Durante a Gamescom e semanas seguintes, diversas vezes foi prometido que o preço e a data de lançamento seriam anunciados em breve. Contudo, o primeiro lote da versão Lite do console, a menos robusta, foi lançado somente em novembro de 2024, pelo valor inicial de R$ 2,6 mil. Após a venda desse lote inicial, o preço subirá para impressionantes R$ 3,3 mil.

Ayn Loki Zero: qualquer semelhança com o Zeenix não é mera coincidência.
Ayn Loki Zero: qualquer semelhança com o Zeenix não é mera coincidência.

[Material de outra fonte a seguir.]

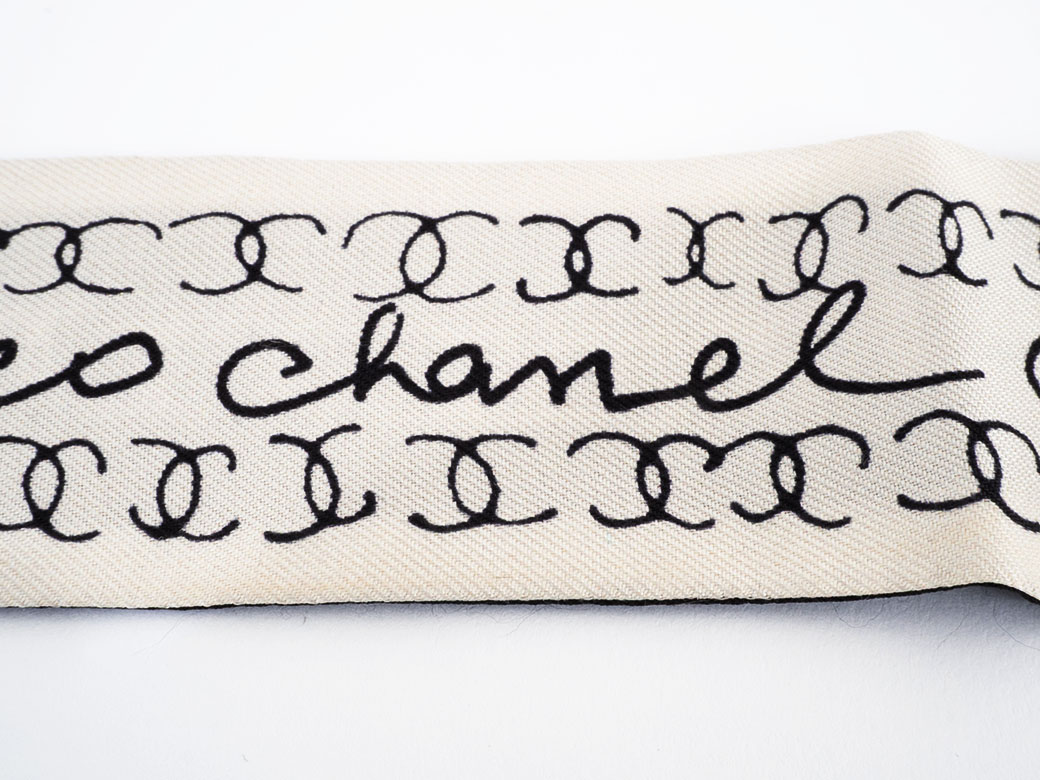 ヘアバンド chanelのおすすめ人気商品一覧 通販 - Yahoo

A título de comparação, hoje é possível comprar um Xbox Series S no Brasil, com direito a nota fiscal e garantia, por R$ 2,5 mil. Um Nintendo Switch Lite sai por R$ 1,3 mil. Já o Steam Deck LCD de 64 GB pode ser encontrado por cerca de R$ 3,6 mil. Na minha opinião, por diversos motivos, todos esses consoles são melhores que o Zeenix Lite.

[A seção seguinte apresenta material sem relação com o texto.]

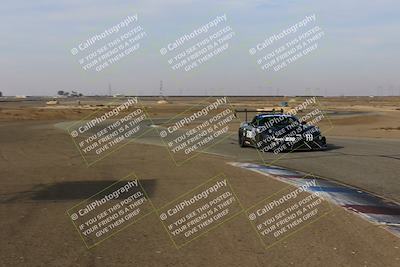 media/Nov-11-2022-GTA Finals Buttonwillow (Fri) [[34b04d7c67]]/2pm (Grapevine)/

Entendo perfeitamente as dificuldades inerentes à comercialização de um produto tecnológico próprio em nosso país. O Brasil vem sendo desindustrializado há tempos; nossa economia gira basicamente em torno de commodities, sem mencionar a moeda desvalorizada, inflação e impostos exacerbados, inclusive sobre itens importados. No entanto, talvez o Zeenix tivesse maiores chances de sucesso se a Tectoy tivesse agido com transparência e seriedade com seu público desde o começo. A comunidade brasileira fã de videogames é extremamente engajada e apaixonada, frequentemente gastando o dinheiro que não tem para comprar jogos novos, videogames e hardware em geral, por exemplo. Possivelmente, abraçariam a causa, especialmente se o console fosse mais acessível.

Zeenix vai de Zeebo

Na última semana, Pedro Caxa, ex-head de marketing da Tectoy e responsável pelo projeto Zeenix, publicou um vídeo em suas redes sociais informando que não faz mais parte da empresa e que praticamente toda a equipe responsável pelo Zeenix deixou a Tectoy. Segundo ele, houve um descolamento entre o propósito e a visão da equipe do Zeenix e os executivos da Transire, empresa proprietária da Tectoy.

Apesar de essa notícia ter caído como uma bomba sobre o futuro do Zeenix, em nota ao veículo Omelete, a Tectoy afirmou que “a divisão de games da Tectoy segue totalmente empenhada nas iniciativas relativas ao Zeenix. As mudanças no time, realizadas em diferentes circunstâncias ao longo do último ano, em nada alteram o cronograma de lançamento dos produtos”.

Mesmo que o Zeenix Pro seja lançado e o Zeenix Lite seja mantido à venda, é evidente que o produto já não é o mesmo de um ano atrás. As mentes por trás do projeto sequer permanecem na empresa. Sinceramente, acho difícil que o Zeenix Lite seja reposto após a venda do lote inicial, e provavelmente a sua versão Pro nunca sairá do papel.

Zeebo: mais um fracasso da Tectoy.
Zeebo: mais um fracasso da Tectoy.

O público do Zeenix em breve passará a ser apenas os colecionadores entusiastas de itens raros. Logo o console valerá bastante em nosso mercado inflacionado de colecionismo de games. E, infelizmente, se juntará ao saudoso Zeebo como mais um fracasso da Tectoy. A empresa fundada em 1987, responsável pela importação e comercialização dos consoles da Sega no Brasil e por alegrar a infância de milhares de brasileiros dos anos 80 e 90, como eu, já perdeu sua identidade, tendo sido incorporada por uma empresa de soluções de pagamento. Provavelmente terá seu passado e legado enterrados ao longo dos próximos anos, assim como aconteceu com os cartuchos do jogo E.T. da Atari algumas décadas atrás.